Akeroyd Collection

Works

Ryoko Aoki, I'm in the dark now, 2021

Gamelan sounds, bells, discordant keys and bassy drones provide the haunting and disquieting soundtrack to this short animation. The videounfolds as a continuously shifting field of hand-drawn geometric shapes, organic patterns, figures, and letters, and while the artist’s hand remains unseen, the piece is saturated with evidence of prolonged, meticulous labour. Hours of working on paper are condensed into a pulsating surface of visual transformation that appears alive. At times, the page starts anew as a blank field, then quickly overtaken by layered lines and forms rendered in ink and watercolour.

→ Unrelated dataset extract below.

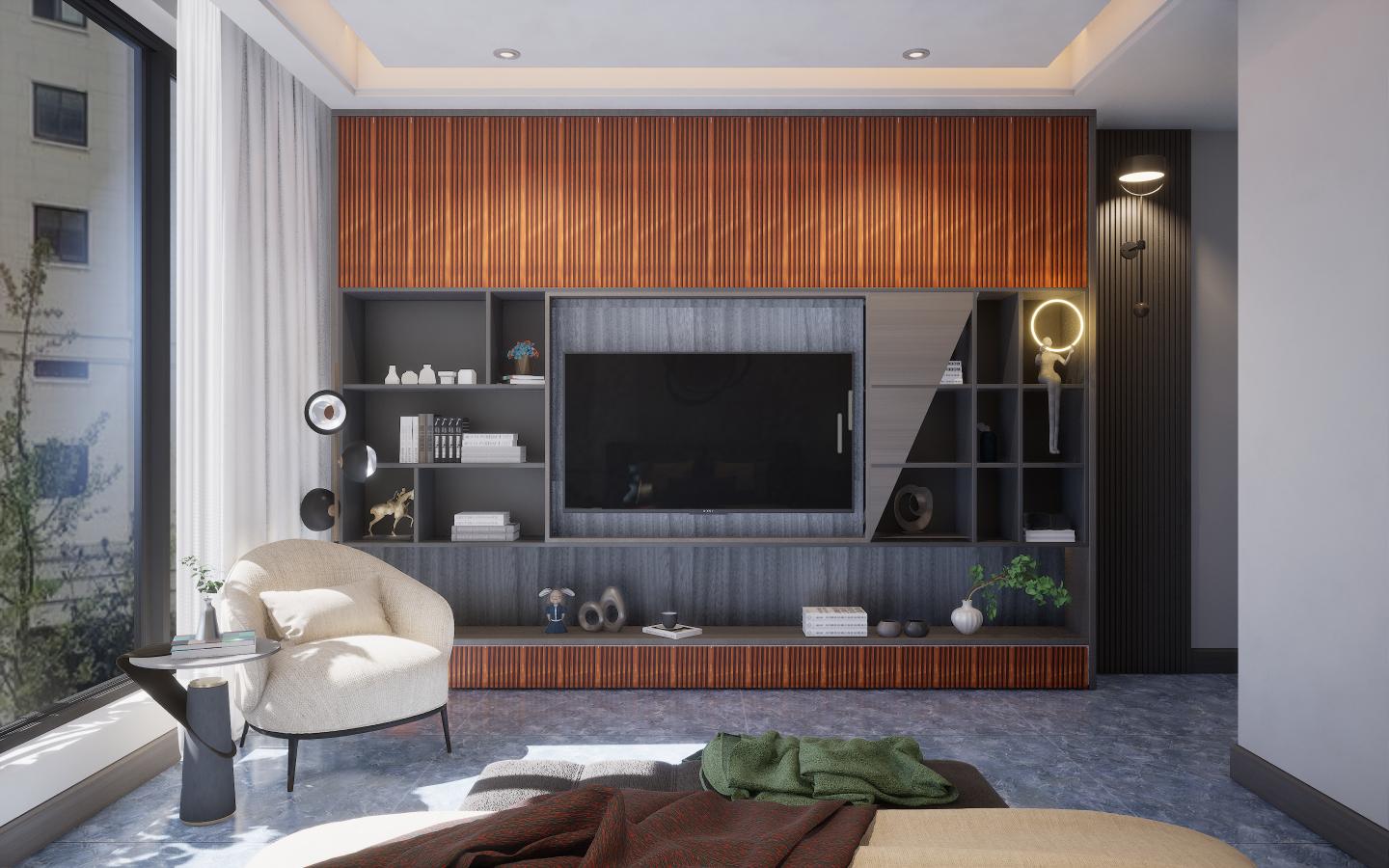Grey wood laminate with suede finish and wood grain texture, used in modern living room wall design and shelving units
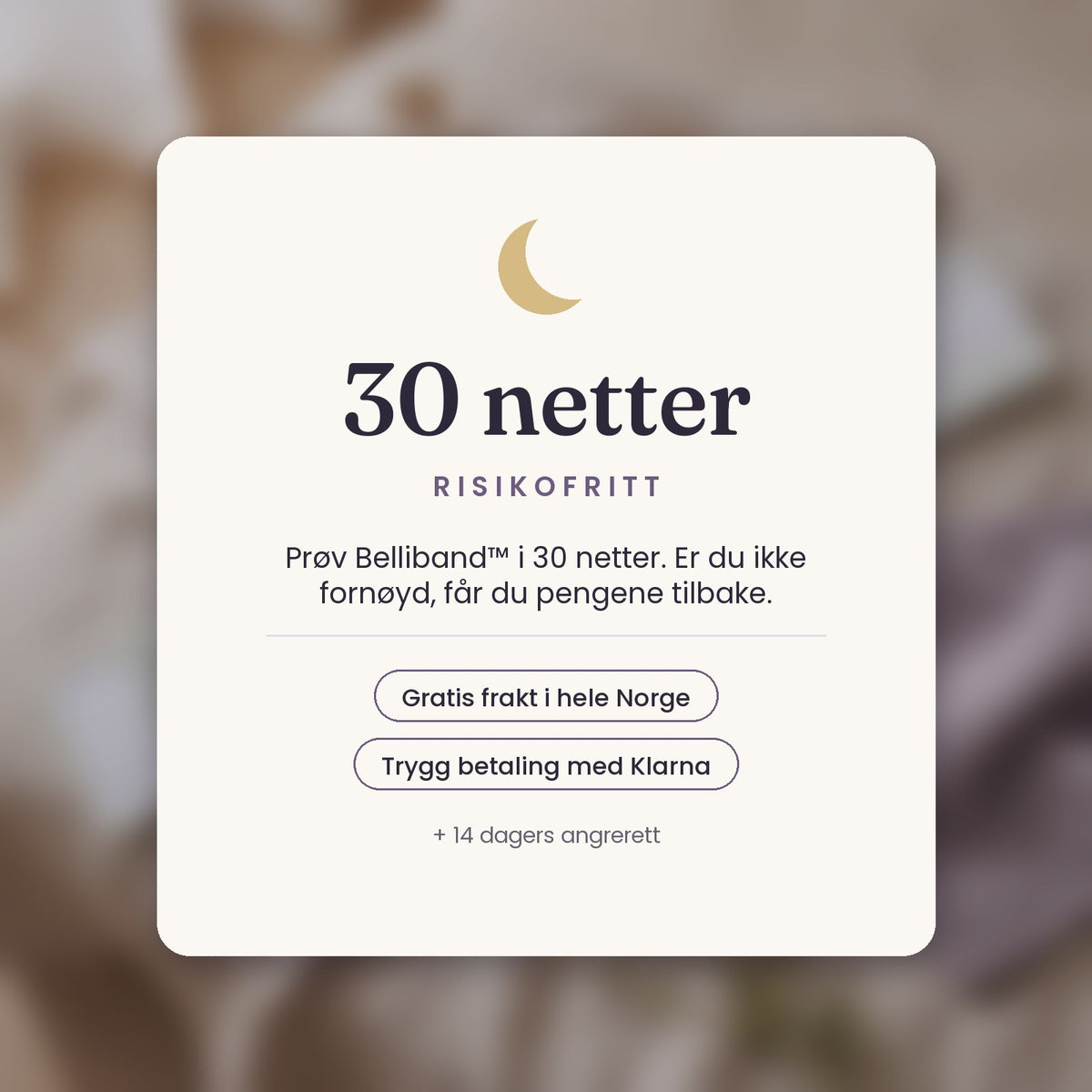 Prøv Belliband i 30 netter – risikofritt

The imagery ranges from chaotic doodles to near-constructivist abstractions and fleeting suggestions of figuration. Sometimes clear, often implied, a body is rendered, a distant figure is seen, or an eye slowly closes amidst the abstract patterns. The palette shifts between monochrome, black and white, and rich, complex colour combinations. We are brought from the dark, into the light, and back again. Interwoven throughout is the written phrase I’m in the dark now—sometimes dominant, forming the very basis of the drawn marks, sometimes scrawled over, obscured beneath layers of pattern and images. As the work progresses, the viewer’s eye becomes attuned to this phrase, searching for it even when it recedes into the background.

This haunting visual display operates as a meditation on process itself; on thought, feeling, and the uncertain paths between them. It reflects a state of emotional navigation, a working-through in real time, where the outcome remains unknown. The darkness invoked is not simply metaphorical, but a space of vulnerability, ambiguity, and emergence. The work resists offering a clear narrative or resolved meaning, and I’m in the dark now, even as a recurring phrase, articulates a liminal condition, one situated at the threshold of legibility, communication, and coherence. It maps this space through a fluid interplay of image, sound, and text, not as a mode of translation but as a state of processual becoming. The work echoes Ryoko Aoki’s broader practice, where everyday materials and symbolic forms converge to probe both tangible and intangible boundaries—inviting the viewer into a suspended space of reflection and transformation.